I'm happy for you both... but if I hire a real drummer, and he plays two song's identically, he's not getting hired back!

No two Rhumba's, bossa's, disco tunes, rock tunes, you name it... no two are EVER identical. Listen to CD's much? Find me two songs where the drummer plays an identical beat... let alone the guitarist and bassist, and horn players too. Subtle differences are what make the tune stand out. An 8 bar loop or 16 bar loop of basically the same rhythm doesn't make up for it being the same rhythm.

Plus, the fills... This isn't something we've really discussed. But, quite often, the fills are what sticks in the mind, maybe more than the groove itself. Play three or four songs with the same style (or another style with the drums from the first grafted on) and pretty soon, you can glom onto the fact that those fills are the same every time. EVERY TIME!

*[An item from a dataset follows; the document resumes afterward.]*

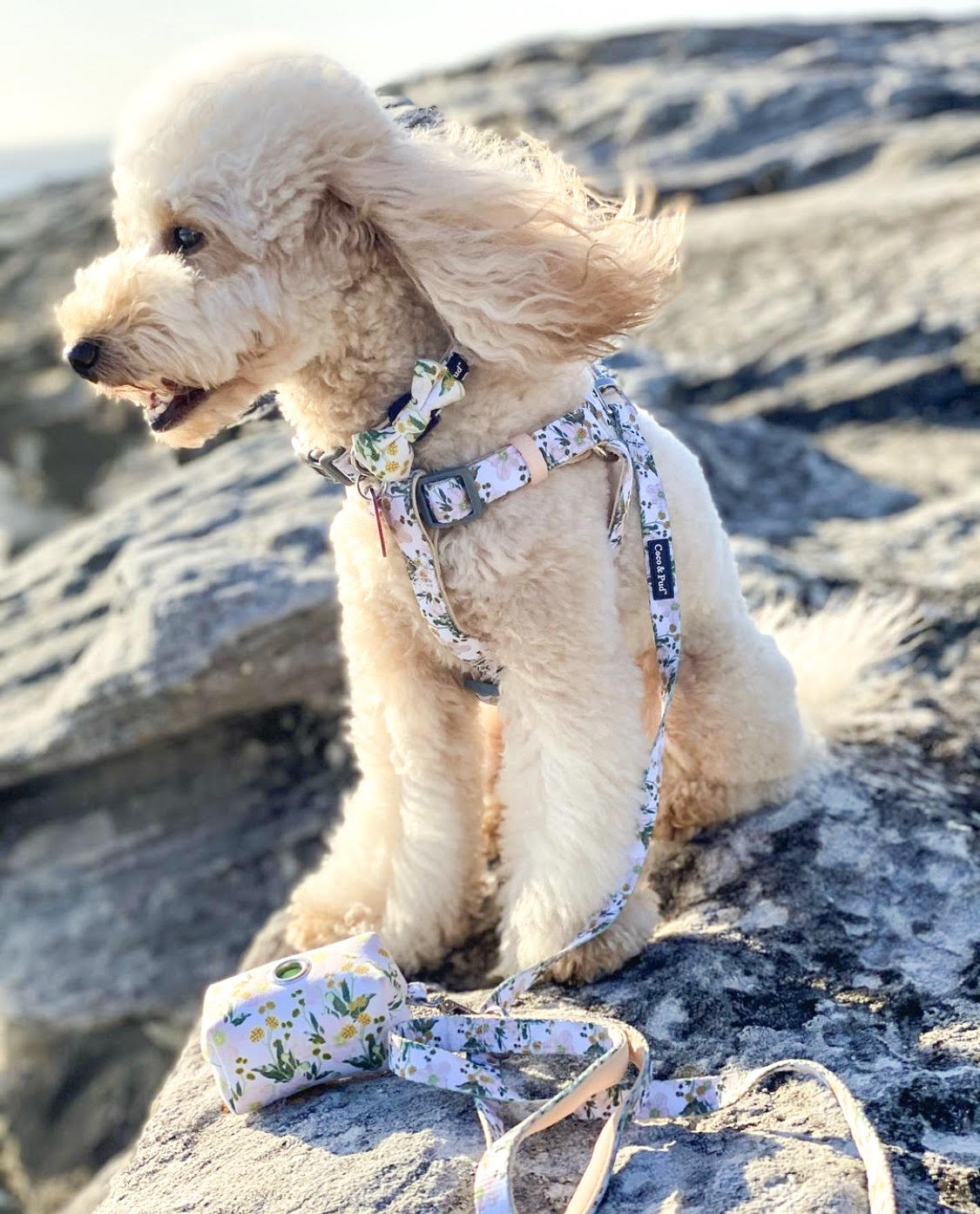 Coco & Pud Windlower Uniclip harness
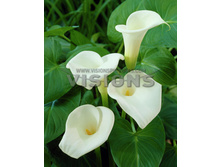 ����� ������������ -81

It's pretty easy with a MIDI style to get into the fills, and move a note here, a note there, and you have a different fill. Or to copy another fill from a similar style, and then match the kits (can't do that with audio styles unless recorded on the same kit).

If Ketron want to do something that would push arranger technology further, how about more fills..? You need 16 to go smoothly from every one of four variations to every other one of four (including Fill-to-Same). You already made a dramatic improvement by having four Break/Fills. How about upping the stakes on the fill count?

The one big advantage that MIDI gives you is variety. Not only is there a huge backlog of DIFFERENT styles written for your arranger in the same genre, to be tweaked to match your newest, but there are thousands of conversions, from OTHER manufacturers, that you can do the same with.

Instead of two reggae beats, I have dozens. Can't do that with audio...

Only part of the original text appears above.